--- EXERCISE GOAL ---
All lines ahead of the one containing "Louis Vuitton Louis" are to be left out; that line and each one after it, through the end of the records below, are to be duplicated exactly.

Items from a dataset
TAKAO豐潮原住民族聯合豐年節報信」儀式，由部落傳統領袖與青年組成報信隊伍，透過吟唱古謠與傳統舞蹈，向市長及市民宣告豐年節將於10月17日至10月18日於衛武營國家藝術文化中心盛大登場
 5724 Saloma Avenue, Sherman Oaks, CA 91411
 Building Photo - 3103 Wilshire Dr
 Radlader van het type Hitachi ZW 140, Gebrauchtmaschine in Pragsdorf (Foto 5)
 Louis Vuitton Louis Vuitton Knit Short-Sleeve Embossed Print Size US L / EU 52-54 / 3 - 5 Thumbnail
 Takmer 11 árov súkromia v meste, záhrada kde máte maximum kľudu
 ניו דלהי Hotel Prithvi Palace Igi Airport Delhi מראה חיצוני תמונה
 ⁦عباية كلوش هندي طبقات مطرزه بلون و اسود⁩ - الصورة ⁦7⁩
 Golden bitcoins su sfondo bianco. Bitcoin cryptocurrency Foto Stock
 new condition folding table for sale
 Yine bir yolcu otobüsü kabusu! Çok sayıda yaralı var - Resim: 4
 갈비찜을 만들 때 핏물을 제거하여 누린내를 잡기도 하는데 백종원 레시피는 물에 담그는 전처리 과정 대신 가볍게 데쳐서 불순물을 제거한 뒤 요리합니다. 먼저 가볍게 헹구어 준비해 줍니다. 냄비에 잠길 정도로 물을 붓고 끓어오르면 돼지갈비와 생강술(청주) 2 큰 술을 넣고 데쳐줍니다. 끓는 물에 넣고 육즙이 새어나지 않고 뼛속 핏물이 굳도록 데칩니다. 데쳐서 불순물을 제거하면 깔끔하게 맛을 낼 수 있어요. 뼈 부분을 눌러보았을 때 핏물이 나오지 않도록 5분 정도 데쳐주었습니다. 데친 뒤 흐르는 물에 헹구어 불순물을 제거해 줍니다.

--- SOLUTION BELOW ---
 Louis Vuitton Louis Vuitton Knit Short-Sleeve Embossed Print Size US L / EU 52-54 / 3 - 5 Thumbnail
 Takmer 11 árov súkromia v meste, záhrada kde máte maximum kľudu
 ניו דלהי Hotel Prithvi Palace Igi Airport Delhi מראה חיצוני תמונה
 ⁦عباية كلوش هندي طبقات مطرزه بلون و اسود⁩ - الصورة ⁦7⁩
 Golden bitcoins su sfondo bianco. Bitcoin cryptocurrency Foto Stock
 new condition folding table for sale
 Yine bir yolcu otobüsü kabusu! Çok sayıda yaralı var - Resim: 4
 갈비찜을 만들 때 핏물을 제거하여 누린내를 잡기도 하는데 백종원 레시피는 물에 담그는 전처리 과정 대신 가볍게 데쳐서 불순물을 제거한 뒤 요리합니다. 먼저 가볍게 헹구어 준비해 줍니다. 냄비에 잠길 정도로 물을 붓고 끓어오르면 돼지갈비와 생강술(청주) 2 큰 술을 넣고 데쳐줍니다. 끓는 물에 넣고 육즙이 새어나지 않고 뼛속 핏물이 굳도록 데칩니다. 데쳐서 불순물을 제거하면 깔끔하게 맛을 낼 수 있어요. 뼈 부분을 눌러보았을 때 핏물이 나오지 않도록 5분 정도 데쳐주었습니다. 데친 뒤 흐르는 물에 헹구어 불순물을 제거해 줍니다.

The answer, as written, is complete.